This method allows you to select specific columns from the Results object and transforms the data into a Dataset for further analysis and visualization. A Dataset is a more general-purpose data structure optimized for analysis operations rather than the hierarchical structure of Result objects.
- Args:
- *columns: Column names to select. Each column can be:
A simple attribute name (e.g., “how_feeling”)
A fully qualified name with type (e.g., “answer.how_feeling”)
A wildcard pattern (e.g., “answer.*” to select all answer fields)
If no columns are provided, selects all data.
- Returns:
A Dataset object containing the selected data.
- Notes:
Column names are automatically disambiguated if needed
When column names are ambiguous, specify the full path with data type
You can use wildcard patterns with “*” to select multiple related fields
Selecting with no arguments returns all data
Results are restructured in a columnar format in the Dataset
- Examples:
>>> results = Results.example()
>>> # Select a single column by name >>> results.select('how_feeling') Dataset([{'answer.how_feeling': ['OK', 'Great', 'Terrible', 'OK']}])
>>> # Select multiple columns >>> ds = results.select('how_feeling', 'how_feeling_yesterday') >>> sorted([list(d.keys())[0] for d in ds]) ['answer.how_feeling', 'answer.how_feeling_yesterday']
>>> # Using fully qualified names with data type >>> results.select('answer.how_feeling') Dataset([{'answer.how_feeling': ['OK', 'Great', 'Terrible', 'OK']}])
>>> # Using partial matching for column names >>> results.select('answer.how_feeling_y') Dataset([{'answer.how_feeling_yesterday': ['Great', 'Good', 'OK', 'Terrible']}])
>>> # Select all columns (same as calling select with no arguments) >>> results.select('*.*') Dataset([...])

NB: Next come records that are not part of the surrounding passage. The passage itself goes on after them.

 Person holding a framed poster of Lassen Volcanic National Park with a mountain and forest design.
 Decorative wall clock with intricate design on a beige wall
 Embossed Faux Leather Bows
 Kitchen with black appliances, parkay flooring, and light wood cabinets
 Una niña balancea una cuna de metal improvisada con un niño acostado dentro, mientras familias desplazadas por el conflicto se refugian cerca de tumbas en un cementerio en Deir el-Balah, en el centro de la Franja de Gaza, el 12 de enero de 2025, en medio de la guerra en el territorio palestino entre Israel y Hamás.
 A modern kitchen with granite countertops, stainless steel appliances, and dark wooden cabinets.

- property shelf_keys: set[source]
Return a copy of the set of shelved result keys.
This property delegates to the ResultsSerializer class.

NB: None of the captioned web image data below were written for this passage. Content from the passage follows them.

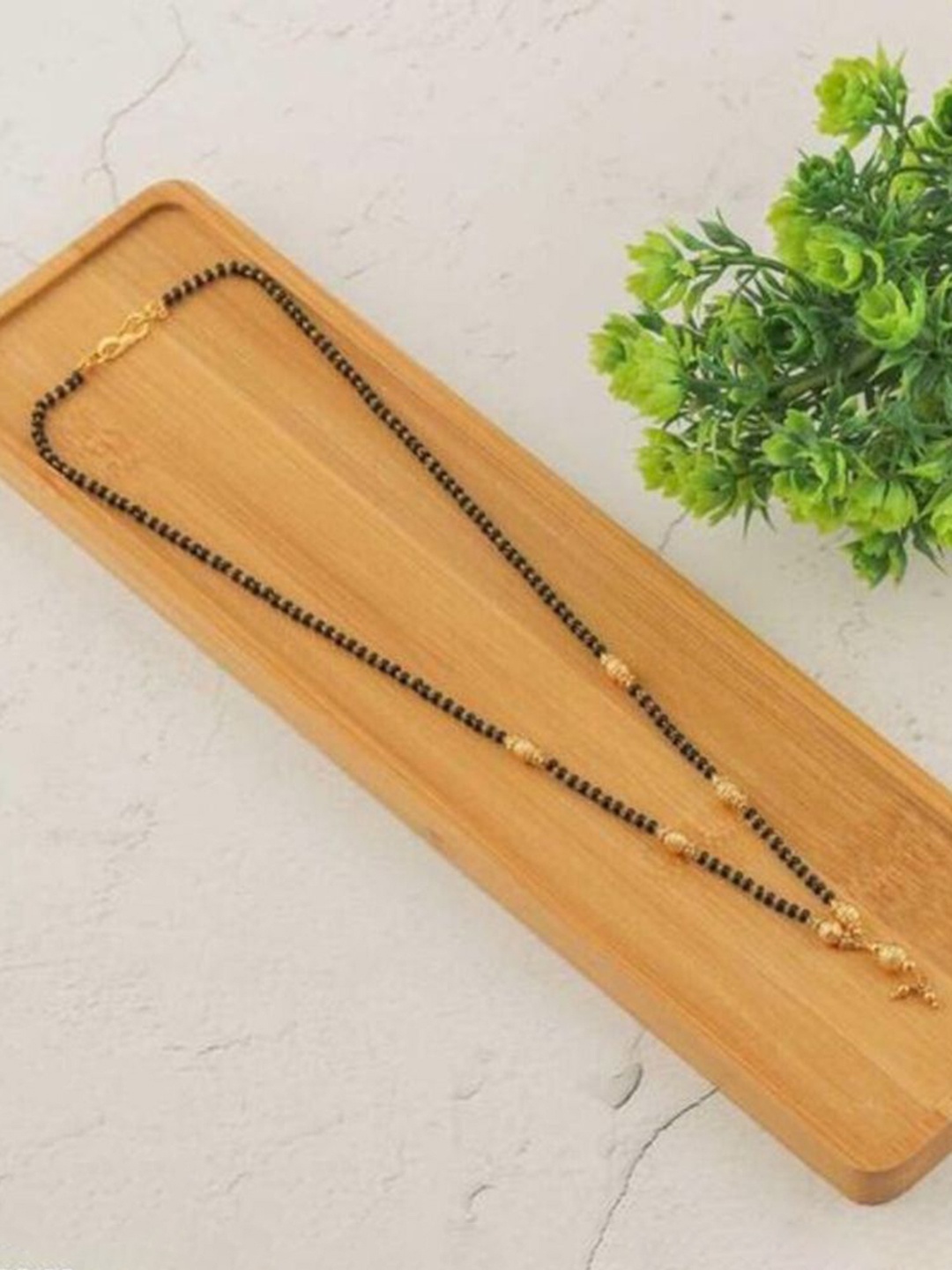

Wynona Tanmaniya Pack Of 2 Gold-Plated American Diamond Studded Mangalsutra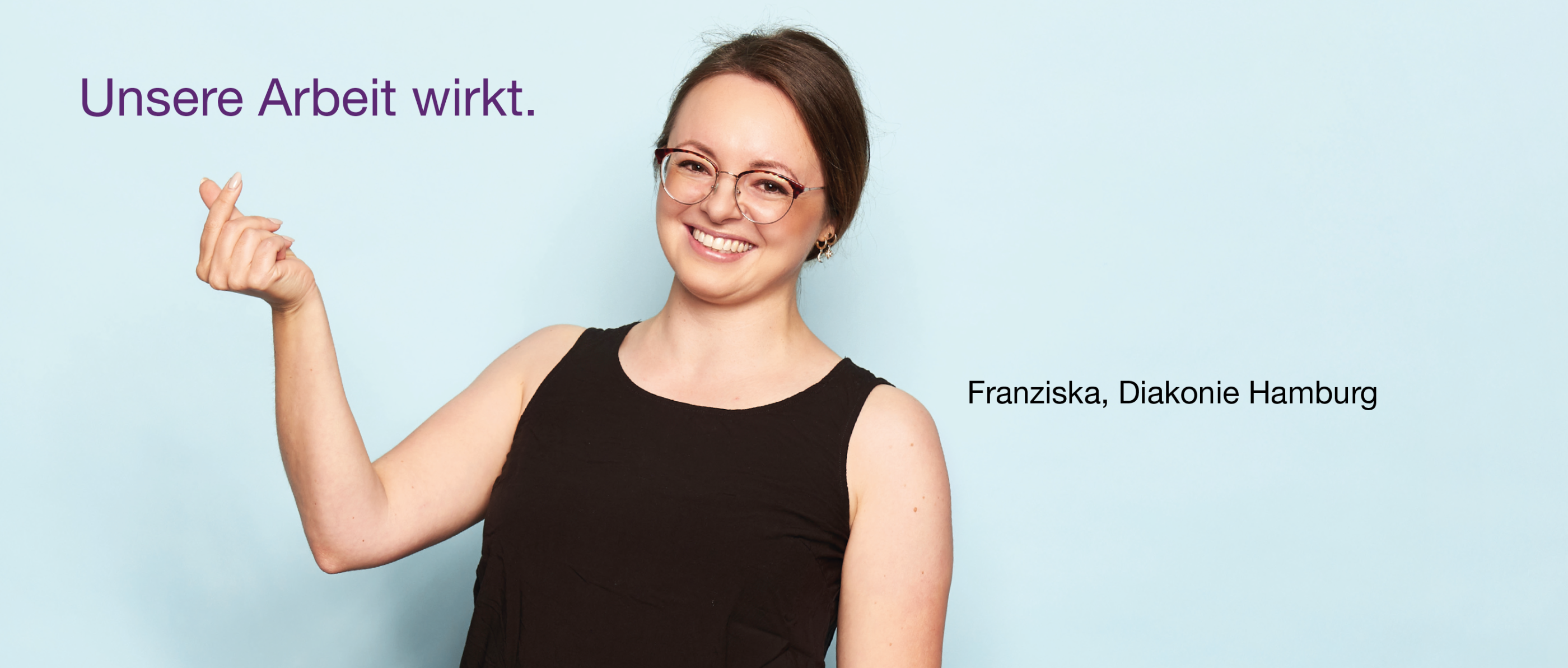 Person mit Brille und schwarzem ärmellosen Oberteil lächelt vor hellblauem Hintergrund. Oben links steht „Unsere Arbeit wirkt.“ in lila Schrift, unten rechts: „Sonja, Diakonie Hamburg“.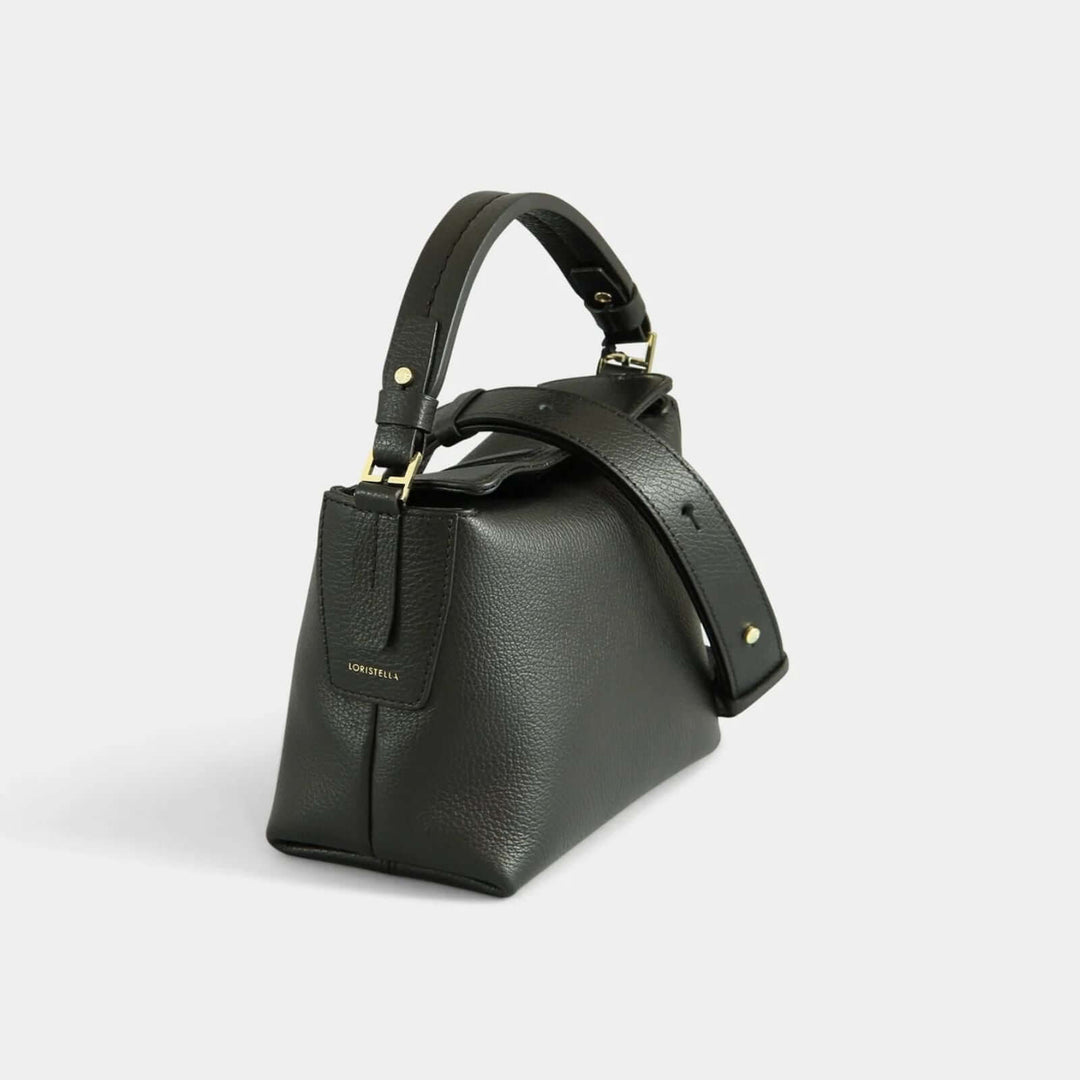 Black pebbled leather crossbody  bag with a small handle. Side view.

- shelve_result(result: Result) str [source]
Store a Result object in persistent storage using its hash as the key.
This method delegates to the ResultsSerializer class to handle the shelving operation.
- Args:
result: A Result object to store
- Returns:
str: The hash key for retrieving the result later
- Raises:
ResultsError: If there’s an error storing the Result
- show_methods(show_docstrings=True)[source]
Display all public methods available on this object.
This utility method helps explore the capabilities of an object by listing all its public methods and optionally their documentation.
- Args:
- show_docstrings: If True, print method names with docstrings;
if False, return the list of method names
- Returns:
- None or list: If show_docstrings is True, prints methods and returns None.
If show_docstrings is False, returns a list of method names.
- shuffle(seed: str | None = 'edsl') Results [source]
Return a shuffled copy of the results using Fisher-Yates algorithm.
- Args:
seed: Random seed for reproducibility.
- Returns:
Results: A new Results object with shuffled data.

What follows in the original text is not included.